Definitionally, he uses the term just sustainabilities because the singular form implies the existence of one single prescription for sustainability that can be universalized. The plural however acknowledges the pluriversality of just sustainabilities: its relative, place and culturally bound nature.

A just sustainabilities approach to policy, planning and practice brings together both an analysis and theory of change, with strategies to transform the way we treat each other, other species and the planet. The definition of just sustainabilities focuses equally on four essential conditions for just and sustainable communities of any scale. These conditions are:

1. Improving our quality of life and well-being;
2. Meeting the needs of both present and future generations (intra- and inter- generational equity);
3. Justice and equity in terms of recognition, procedure, outcome and reparation;
4. Living within earth-system and ecological limits.
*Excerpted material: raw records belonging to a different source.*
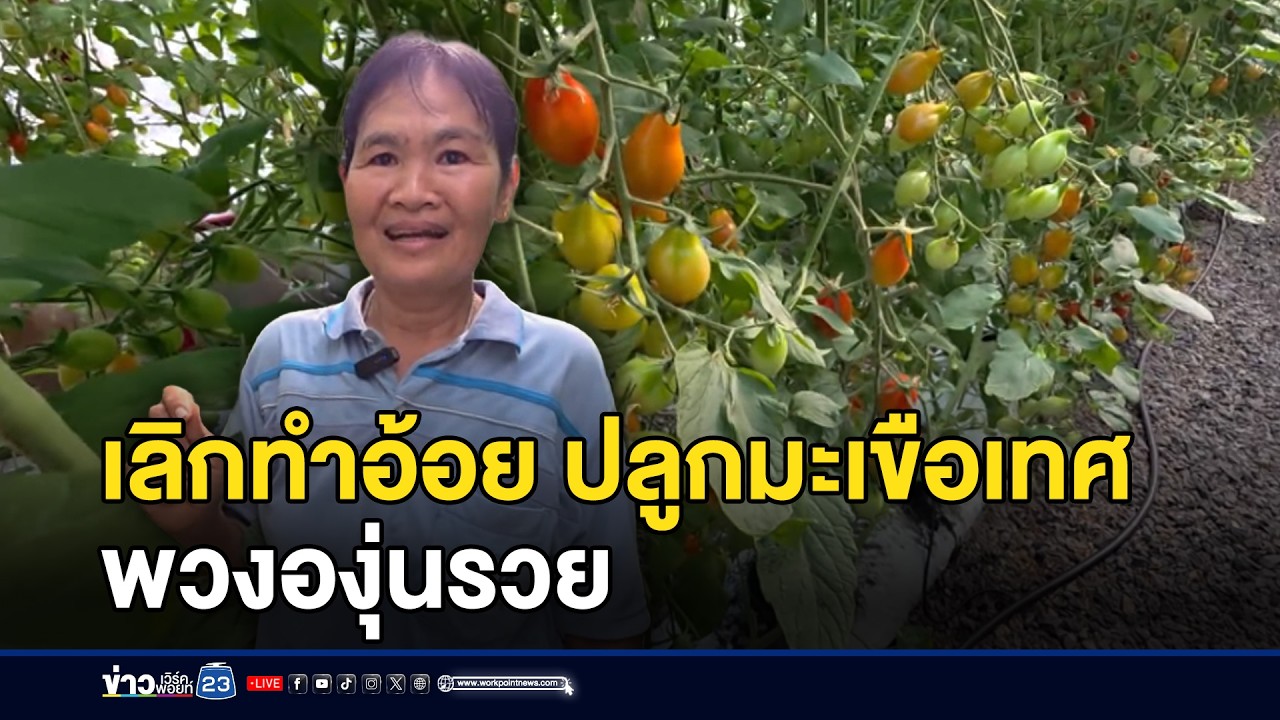 เลิกทำอ้อย ปลูกมะเขือเทศพวงองุ่นรวย l ตลาดข่าว - ข่าวเช้าเวิร์คพอยท์ l 5 มี.ค.69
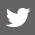 tw-icon sq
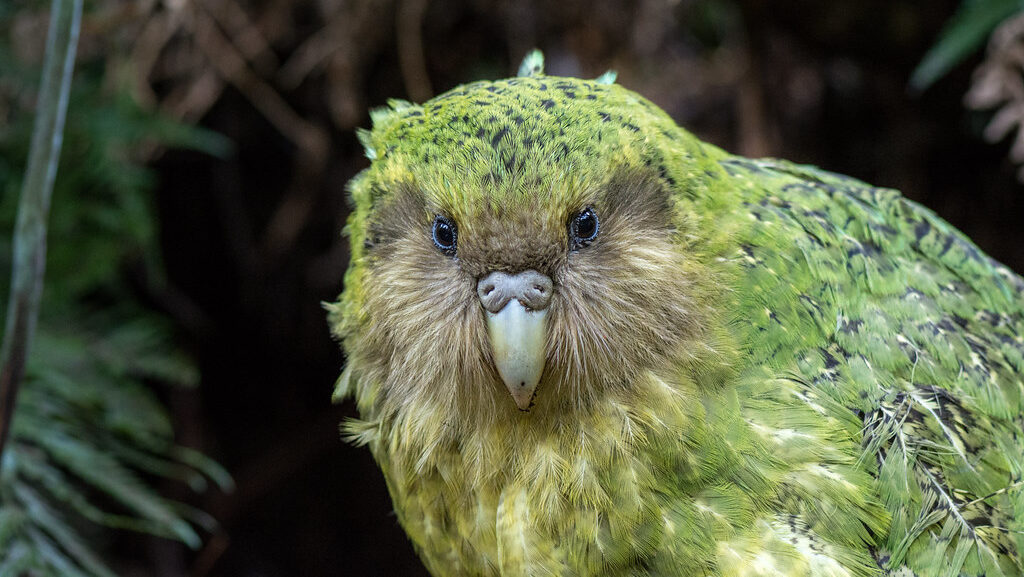 Kakapo staring with curious expression.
Just sustainabilities is probably best understood as a bridging framework, rather than creating an entirely new social movement. It has reshaped how many planners, urban scholars, and sustainability practitioners think about the relationship between sustainability and justice. The concept has been received very positively in planning and urban studies, where it is often viewed as one of the major attempts to overcome the long-standing separation between environmental sustainability and social equity. As Castan Broto and Westmanon (2017) put it: “Just sustainabilities is not a ready-made recipe to deliver concrete initiatives, but a set of principles that should guide, rather than dictate, action. Just sustainabilities is a discourse of hope.”

=== Editorships ===

- Co-founder (1996) and Editor-in-Chief of Local Environment: The International Journal of Justice and Sustainability
- Editor of the Routledge Equity, Justice and the Sustainable City Series
- Co-Editor of the Bristol University/Policy Press Series Smart Sharing Cities: Technology, Sustainability, Ethics and Politics
- Series Editor of Just Sustainabilities: Policy, Planning and Practice published by Bloomsbury Publishing

===Awards and honours===
He is a Fellow of the Royal Society of Arts (1996) and the Royal Geographical Society (2016). He received the Benton H. Box Award from Clemson University Institute for Parks in 2015 and the Athena City Accolade from the KTH Royal Institute of Technology in 2018. In 2023, he became Hedersdoktorer (Honorary Doctor) at KTH Royal institute of Technology, Stockholm, Sweden. In March 2025, he was awarded the Tufts Distinguished Scholar Award.

===Visiting professorships===
Agyeman has been a visiting professor at University of South Australia (2008–13), Northumbria University (2010-14), University of British Columbia (April–May 2011) and McGill University (2017-18); he also held the Walker Ames Visiting Professorship at the University of Washington (2017). He is currently the TD Walter Bean Visiting professor at the University of Waterloo, Canada (2020–21).
He held a Visiting Fellowship at The Pacific Institute for Climate Solutions, hosted by the University of Victoria (2011). Agyeman was a Senior Scholar at the Center for Humans and Nature (2013–16) and a Fellow of the McConnell Foundation's Cities for People program in Montréal (2017).

===Advisory positions===
Agyeman currently sits on the Academic Board of The Centre for the Future of Places (KTH Royal Institute of Technology, Stockholm). He is also on the Advisory Boards of Shareable and Boston University Initiative on Cities. In November 2021, he was an advisor on Michelle Wu's Transition Committee for her transition into the office of mayor of Boston. Additionally, he is a Founding Senior Advisor/Thought Leader at PlacemakingX.